The Determinant only satisfies $\text{det}(z \cdot A) = z^n \cdot \text{det}(A)$. It would be sufficient to have a Lie-group homomorphism $\psi \colon \text{U}(n) \to \text{U}(n-1)$ such that $\psi(z \cdot A) = z \cdot \psi(A)$ for we could then iterate it.
I'm not sure if such a map can exist. It would imply that the $\text{U}(1)$-principal bundle $t \colon \text{U}(n) \to \mathbb{P}\text{U}(n)$ given by the usual projection would then have a smooth section $\sigma \colon \mathbb{P}\text{U}(n) \to \text{U}(n)$ given by $\sigma([A])= \phi(A)^{-1} \cdot A$. Hence this would imply that $\text{U}(n) \cong \mathbb{P}\text{U}(n) \times \text{U}(1)$ as $\text{U}(1)$-principal bundle.
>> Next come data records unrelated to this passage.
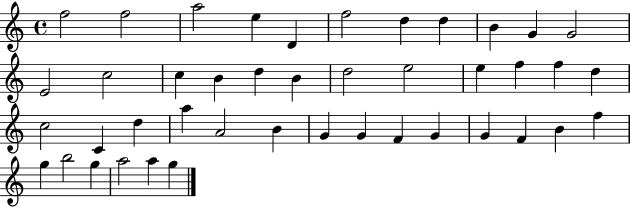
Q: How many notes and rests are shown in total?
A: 43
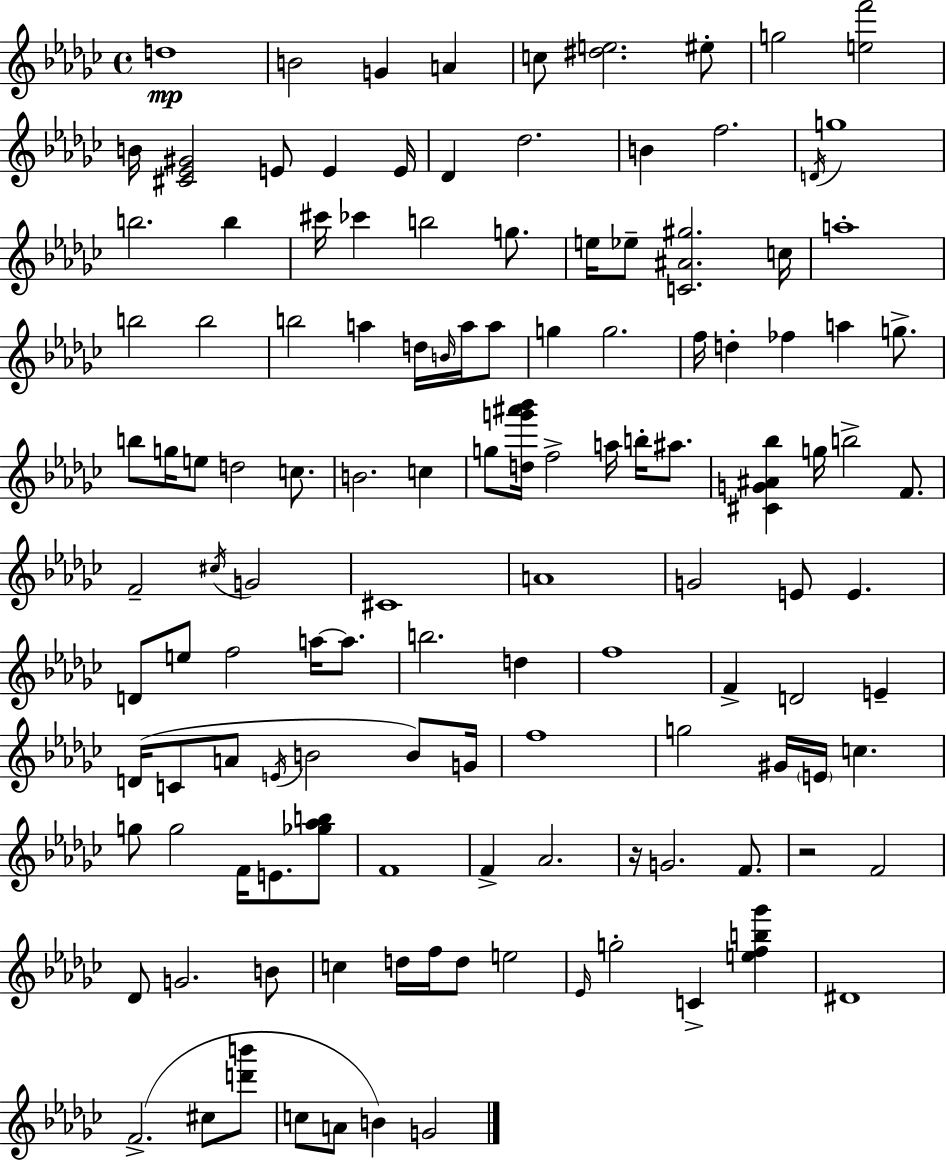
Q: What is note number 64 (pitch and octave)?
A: E4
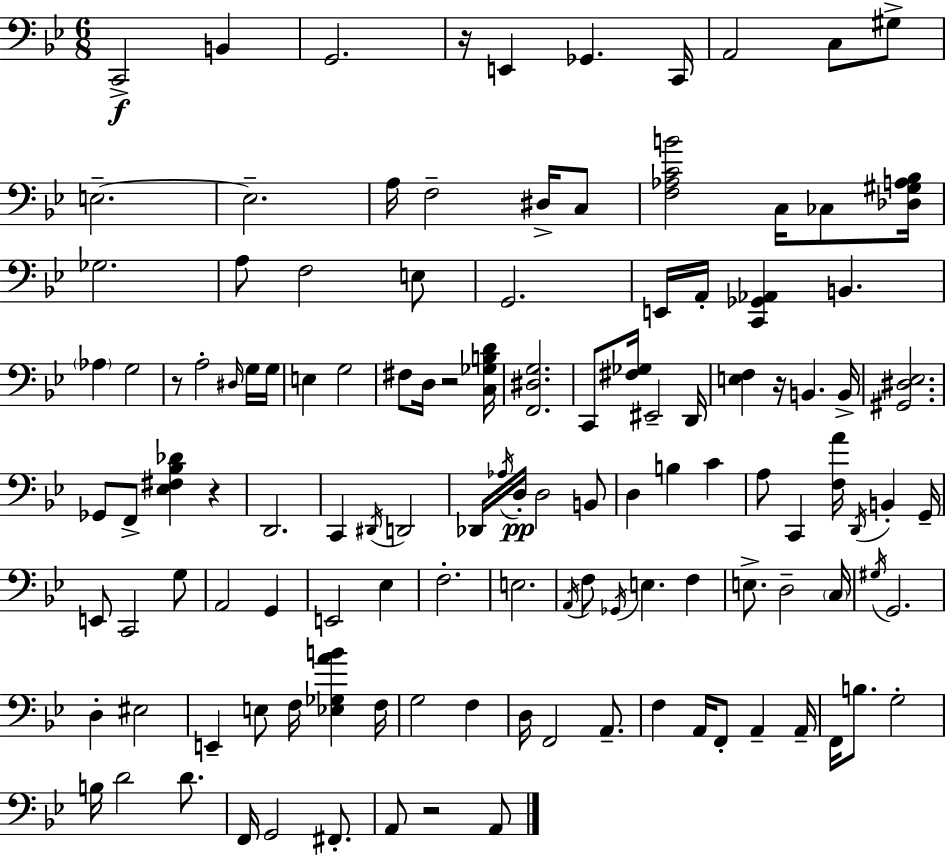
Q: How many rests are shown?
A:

Such a homomorphism cannot exist for $n>1$. To see this, look the the Lie algebras in question. The algebra $\mathfrak{u}(1)$ is $i\mathbb R$ while $\mathfrak{u}(n)\cong i\mathbb R\oplus\mathfrak{su}(n)$ and for $n>1$, $\mathfrak{su}(n)$ is simple. The summand $i\mathbb R$ corresponds to multiples of the identity, the second summand to matrices with vanishing complex trace. Now a Lie algebra homomorphism $\mathfrak{u}(n)\to\mathfrak{u}(1)$ has to vanish on $\mathfrak{su}(n)$ (otherwise its kernel would be a non-trivial ideal). So the only such homomorphisms are $X\mapsto a\cdot tr(X)$ for a real number $a$. Now for the homomorphism you are looking for, the derivative by definition would have to be $X\mapsto \frac1n\cdot tr(X)$. But this Lie algebra homomorphism does not integrate to the group $U(n)$ since $\exp(2\pi i\mathbb I)=\mathbb I$ whereas $\exp(\frac{2\pi i}{n})\neq 1$ for $n>1$. (So this corresponds to the fact that there is no $k$th root as a homomorphism $U(1)\to U(1)$.)
The argument via simplicity of $\mathfrak{su}(n)$ also shows that there are no interesting homomorphisms $U(n)\to U(n-1)$.